Description
It’s hard for me to put into words the extraordinary divine being that was our mother: Sandi Duncan.
Born Helen Sandra Duncan in Harlem Hospital, Manhattan, New York to a Scottish father and African American mother on the 13th October 1946, ” Sandi,” as she was called was already a published poet in Reader’s Digest as a young child.
Raised in Jackson Mississippi, as landed gentry on “The Mudline,” a vast estate famous for its 400 acre lake; she was immersed in both the elegance and gentility of southern hospitality and the demonic viciousness that was “Jim Crow” South, segregation and racism.
She was a skinny tomboy who grew to be a beautiful young lady with deep set eyes, sharp cheek bones, a slim figure and waistline. The first Black Alpha Kappa Alpha debutante in Mississippi, she dabbled in acting, spearheaded a girl group called “The Sensationals” (poised to be top rivals to the Supremes) and was the first Black high fashion model to grace the runways of New York.

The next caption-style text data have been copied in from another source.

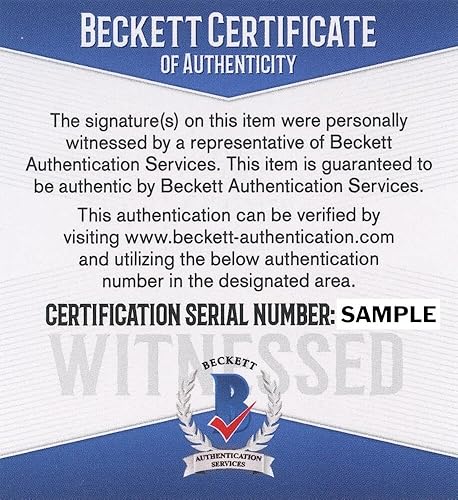 Miniatura 3 de Michael Vick Autographed Football (philadelphia Eagles) - Beckett Coa! - Autographed Footballs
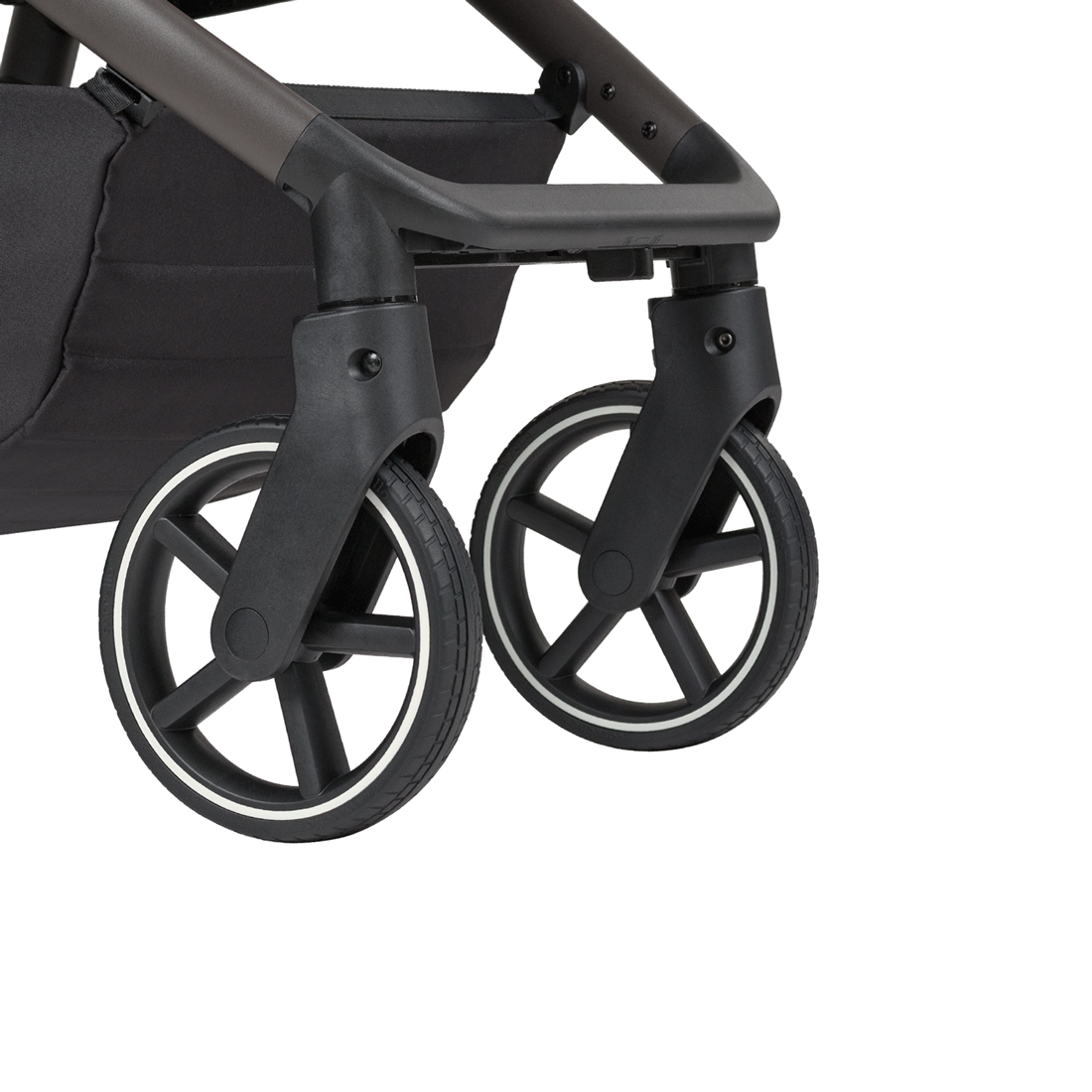 Прогулянкова коляска Bravo SL Deluxe 9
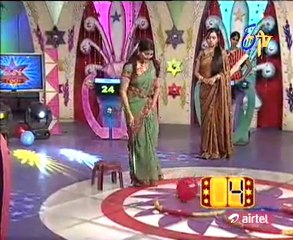 Star Mahila   Ladie's Game Show   25th Jan 11   part 4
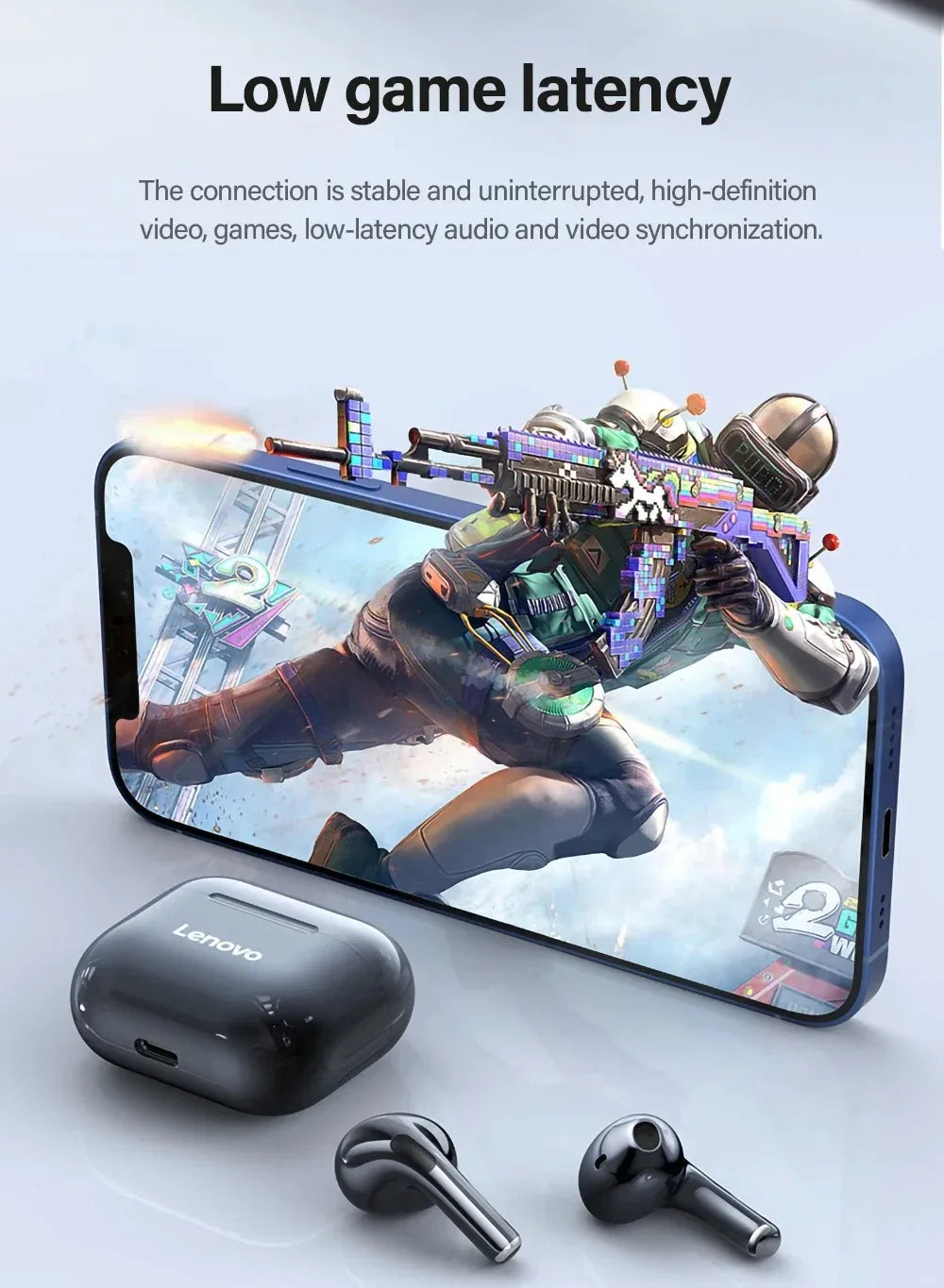 Auricolari Bluetooth LENOVO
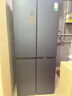 容声（Ronshen）513升十字对开四开门薄嵌冰箱一级能效双系统变频大容量节能无霜国家补贴20%BCD-513WD17FP 实拍图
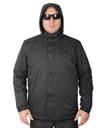 YDS XPRO LOGAN OUTDOOR MONT ERKEK -SİYAH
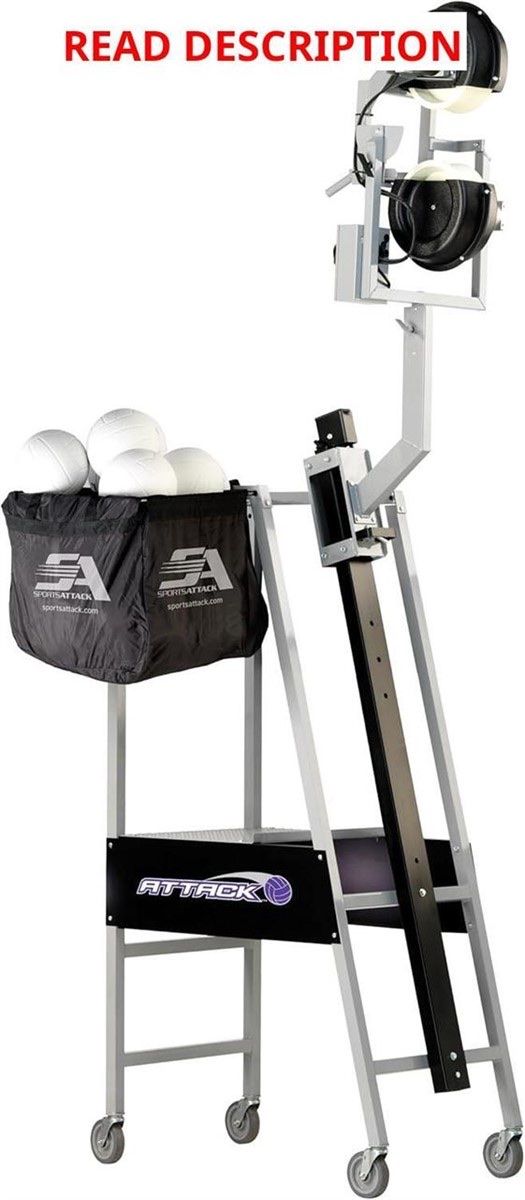 Sports Attack Volleyball Training Machine
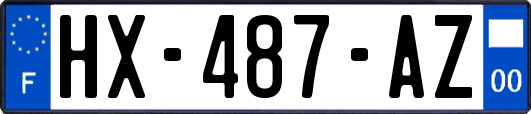 HX-487-AZ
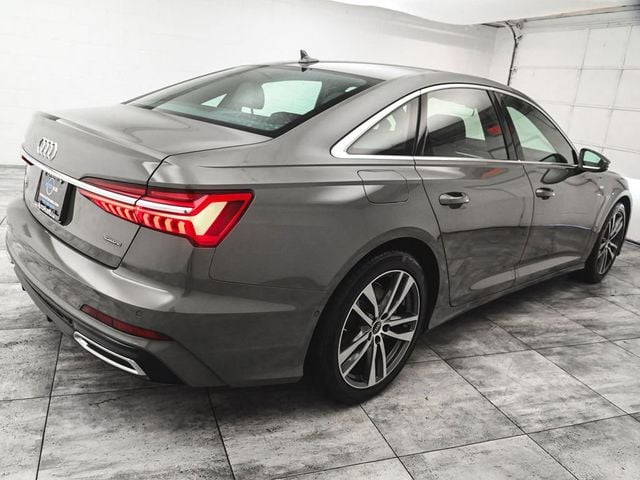 2022 Audi A6 3.0T Premium - 22990448 - 5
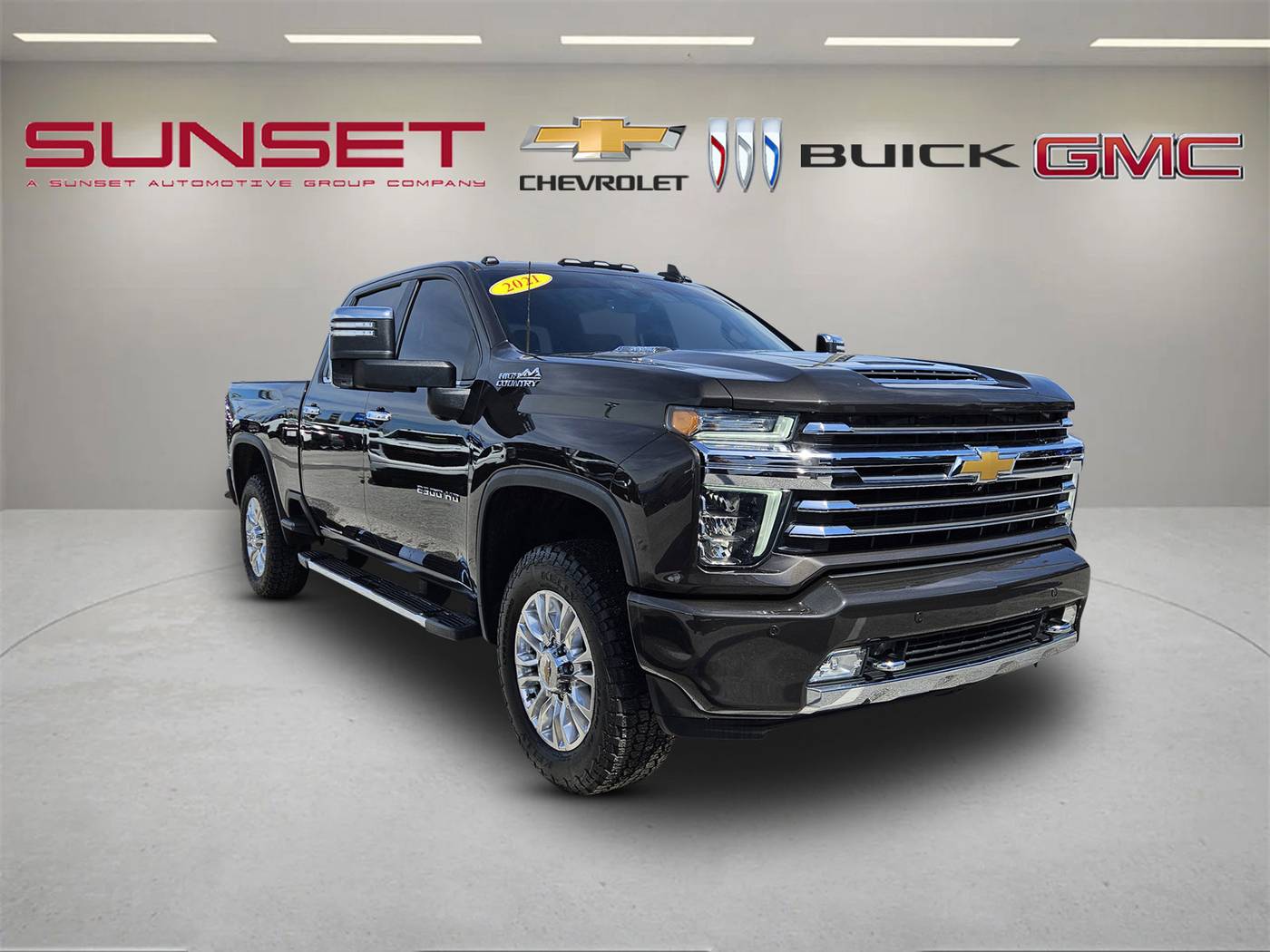 2021 Chevrolet Silverado 2500HD High Country — Pickup Truck — 70,591 mi — Sarasota, FL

While show business and Hollywood came calling it was the 1960’s Civil Right’s movement that claimed her heart and soul.
She was there at every meeting, sit-in and demonstration. She bore the scars and injuries brought on by police billy clubs and water hoses. She was jailed countless times and claims to have coined the phrase “Black Power” to her close friend Stokely Carmichael during a speech he made before thousands. He echoed her phrase, raising his fist high and the rest is history.
She did not mind being an unsung “shero.” She did not seek fame, but only justice for all who fought for freedom and human rights. She did not mind that others claimed a bigger spotlight. She was a Lady of the Lake and her true aristocratic lineage as a Duncan did not need the trappings of fame and fortune for validation.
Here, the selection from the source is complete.